En resumen, Platón dijo que había dos grandes tipos de conocimiento: uno, verdadero, el de las ideas, y otro, imperfecto, el de las cosas sensibles. También planteó que los saberes podían jerarquizarse, es decir, que era posible compararlos y determinar cuáles eran mejores o peores, dependiendo de lo cercano o alejado que estuvieran de las ideas inmóviles. Así, por ejemplo, el conocimiento de un carpintero que hace una cama poniendo atención directamente en el molde inmóvil, en la idea eterna de la cama, es mejor que el conocimiento del artista que, al pintar el cuadro de una cama, no mira la idea, sino que copia el objeto que hizo el artesano. Mientras más se acercara el saber de algo a la idea, mejor sería el conocimiento.
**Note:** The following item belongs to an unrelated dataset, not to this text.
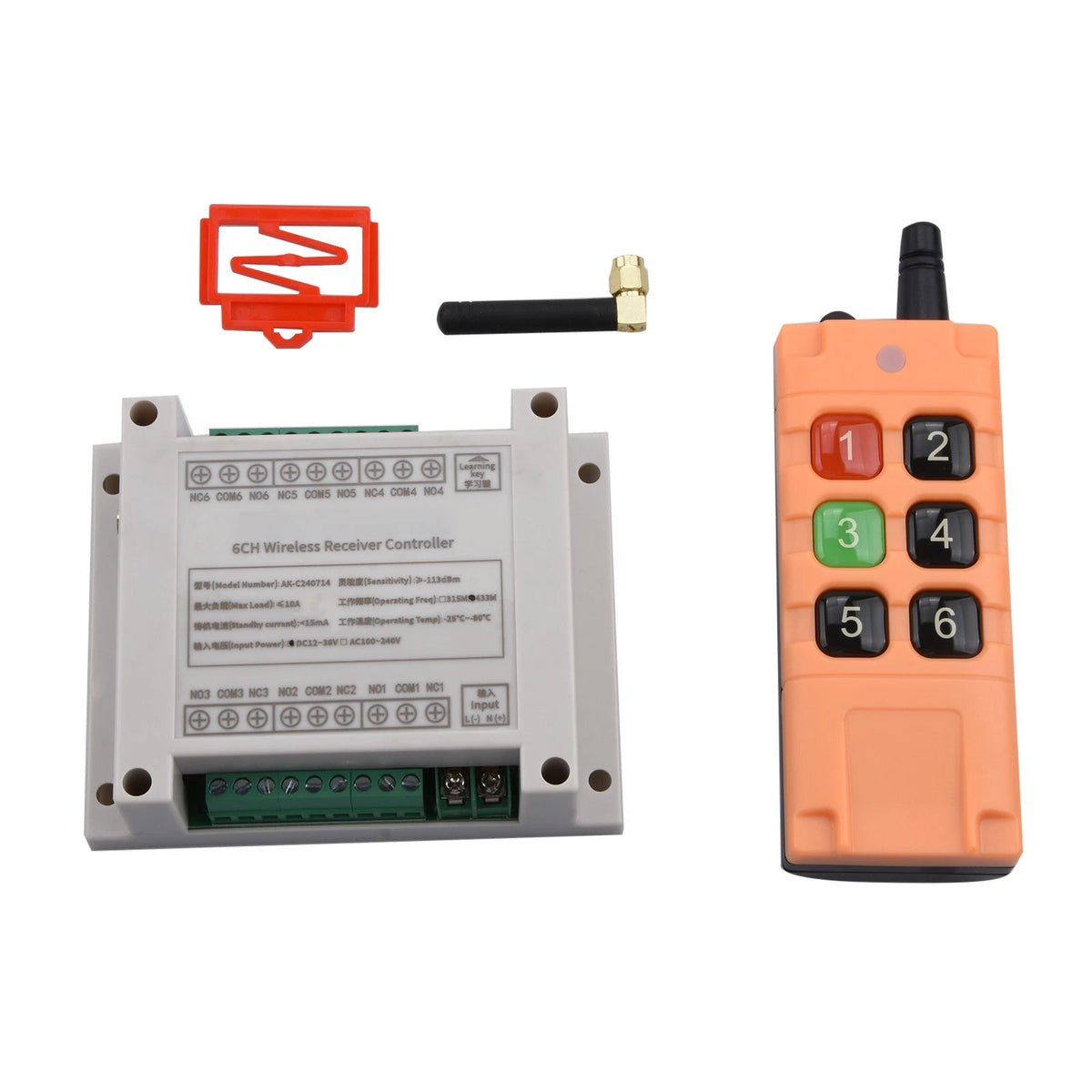 6 Channel 10A Relay Receiver Wireless Remote Control RF Switch 433MHz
La propuesta de Platón —y la de los griegos en general— acerca de los criterios para orientarse en medio de los saberes fue muy buena y, a pesar de sus deficiencias, sirvió a los seres humanos durante cientos de años. Pero cuando la imprenta se generalizó y los objetos en general pudieron producirse con mayor rapidez y abundancia, la manera griega de entender el conocimiento, la epistemología antigua, dejó de funcionar. Ahora era necesario conocer con precisión este mundo de abajo y no sólo los moldes inmóviles, porque el mundo nuestro, el de los sentidos, el de las cosas, se llenaba cada vez de más objetos y sensaciones, y había que saber qué de todo lo nuevo era verdadero y qué falso. Un nuevo paso hacia nuestra sociedad del conocimiento de hoy había sido dado.